After getting back from Portugal, Ramya and I headed out on our own to Barcelona, Spain and Avignon, France. Overall, I'd say that the trip could be described as hilariously terrible-- hilarrible, if you will. The places that we went and the things that we saw were great, but the planning on our part was subpar and our attempts to save money resulted in a lot of unnecessary stress and sleep deprivation.

Pre-Departure
We got back to Seville on Sunday night. In the middle of the bus ride home, someone in our program got word that the ash cloud from the Icelandic volcano had spread further south. As a result, flights everywhere in Europe had been canceled indefinitely, and anyone in our program who had planned trips for that week (read: everyone) was completely out of luck. (By the way, I hereby nominate that volcano for both the "Most Inconvenient" and the "Worst Name" award. Honestly... Eyjafjallajoekull? That's the best you could come up with? Did Iceland's official volcano-namer get drunk and mash a hand on the keyboard?)

After a good amount of panicking and several contradictory online findings, we discovered that all flights up until the day before we left had been suspended, but our flight was miraculously unaffected. Hooray, we wouldn't lose tons of money on non-refundable bus tickets and hostels! After breathing huge sighs of relief, Ramya and I unpacked our bags, repacked our bags, and immediately went to sleep because we had to wake up at the truly unfortunate time of 3:45 a.m. in order to catch our flight to Barcelona.

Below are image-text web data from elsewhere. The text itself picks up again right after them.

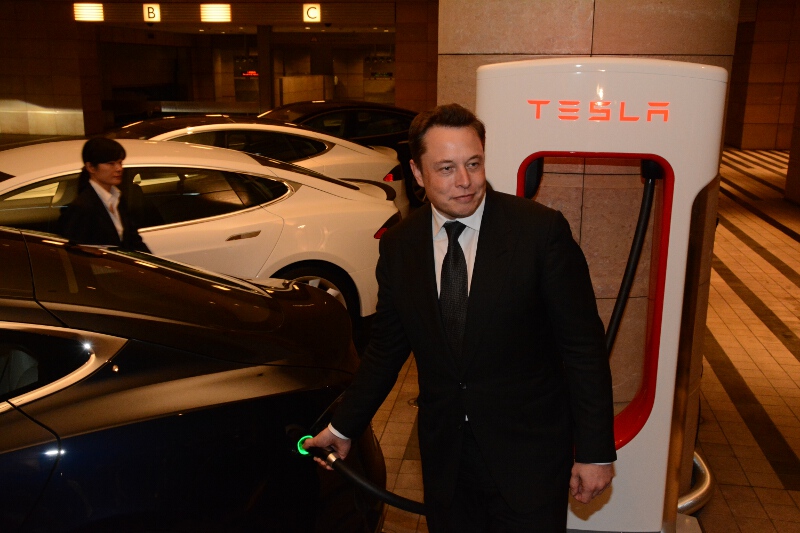 報道陣の前ではイーロン・マスクCEOが充電操作をやってみせた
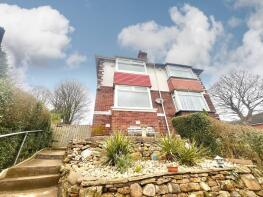8, Hillside Gardens, Scarborough YO12 4DE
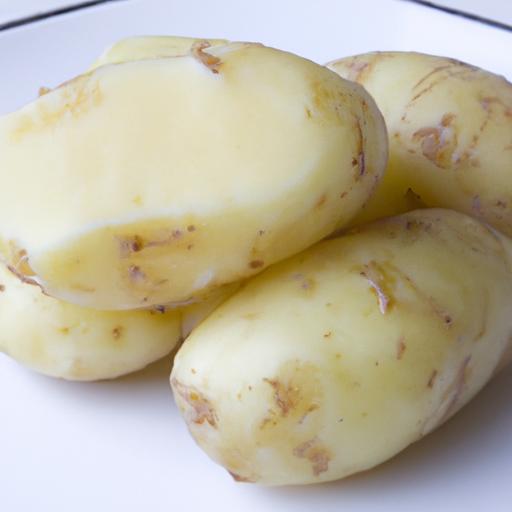 Crafting the Perfect Base Greens for Maximum Freshness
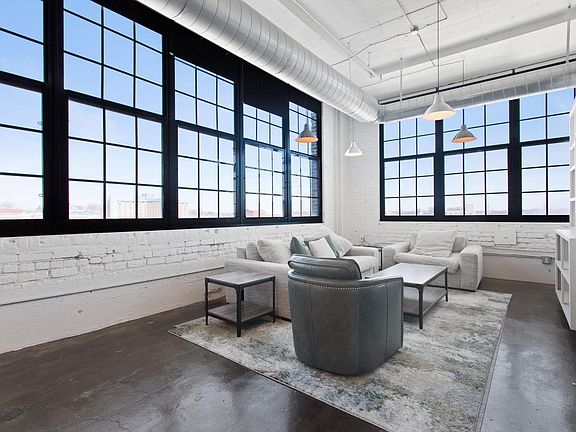 4th image of 500 Robert St Unit 601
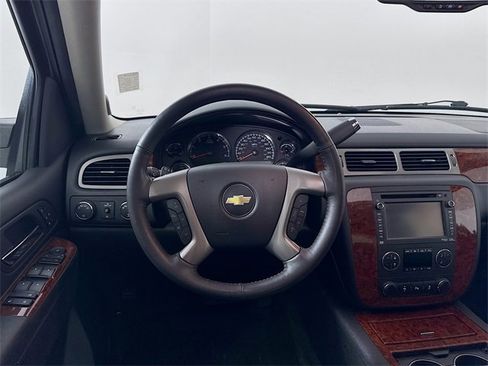 Used 2013 Chevrolet Avalanche LTZ image 24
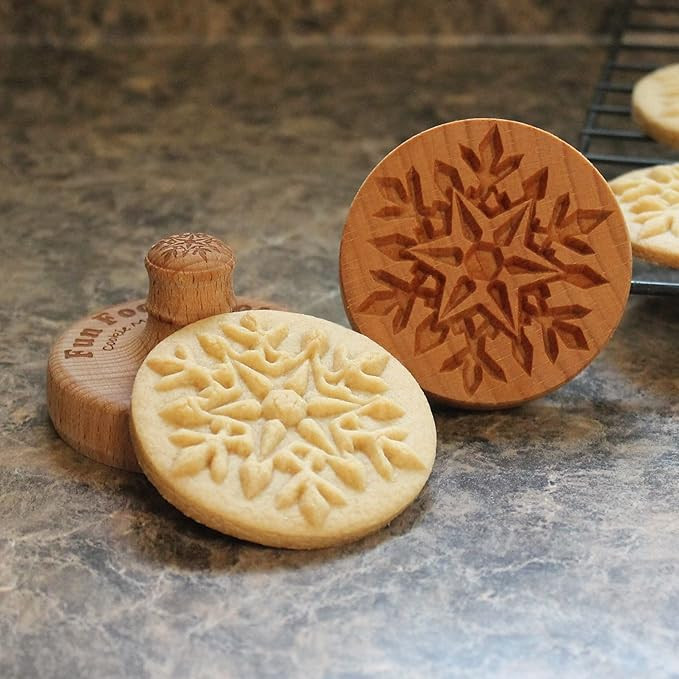 Wood Cookie Stamp, 2.5 Inch (Snowflake CS-017) | Amazon (US)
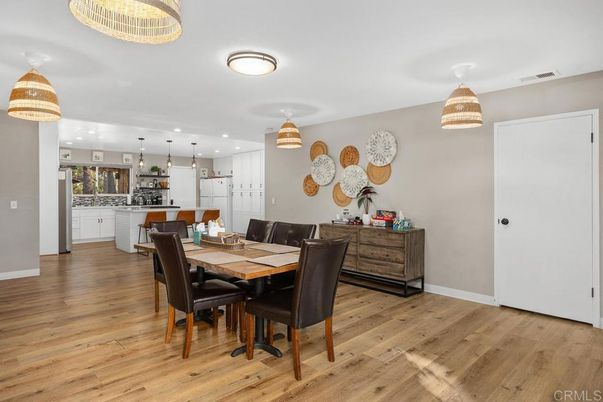 Dining room, Interior, Kitchen, Pendant Lights, Recessed Lighting, Wood Texture Flooring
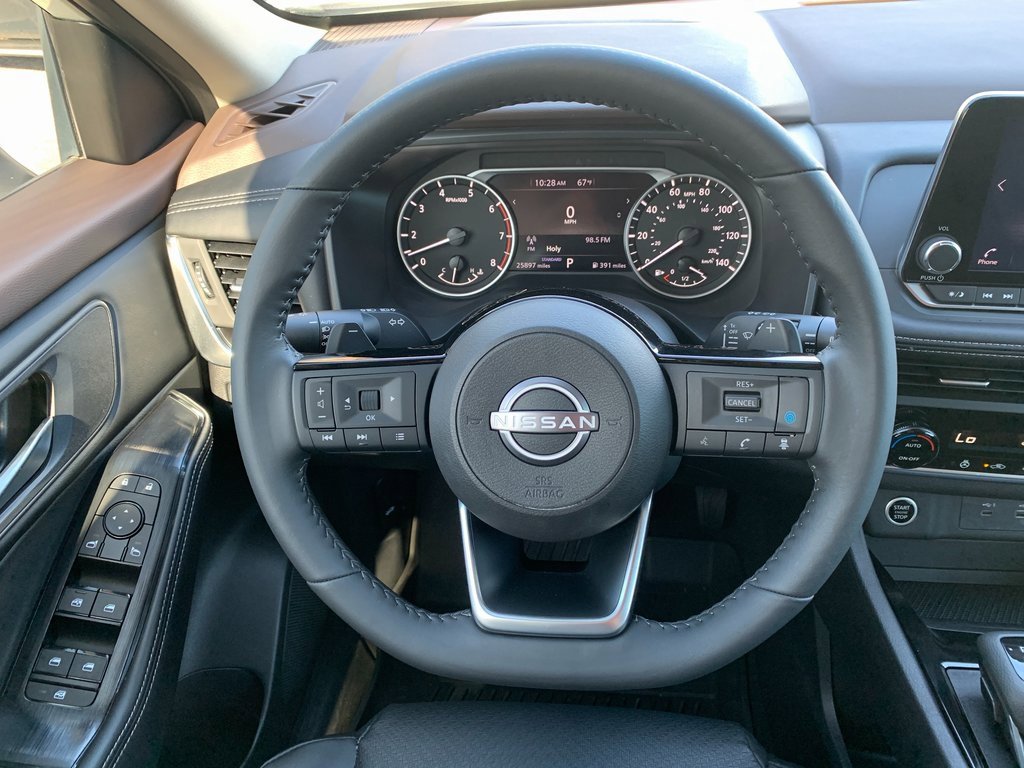 Used 2023 Nissan Rogue SV w/ SV Premium B Package image 13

Before I start describing the trip itself, let me explain our terrible schedule. Every decision that we made was based on cost, so we ended up taking the most horribly-timed buses and flights in the interest of saving money. For example, taking a night bus that went from 7:30 p.m. to 2:30 a.m. Retrospect: MISTAKE. I learned a valuable lesson this past week: always throw down an extra 20 euro to avoid huddling on a bench with a homeless man for hours. (More on that later.)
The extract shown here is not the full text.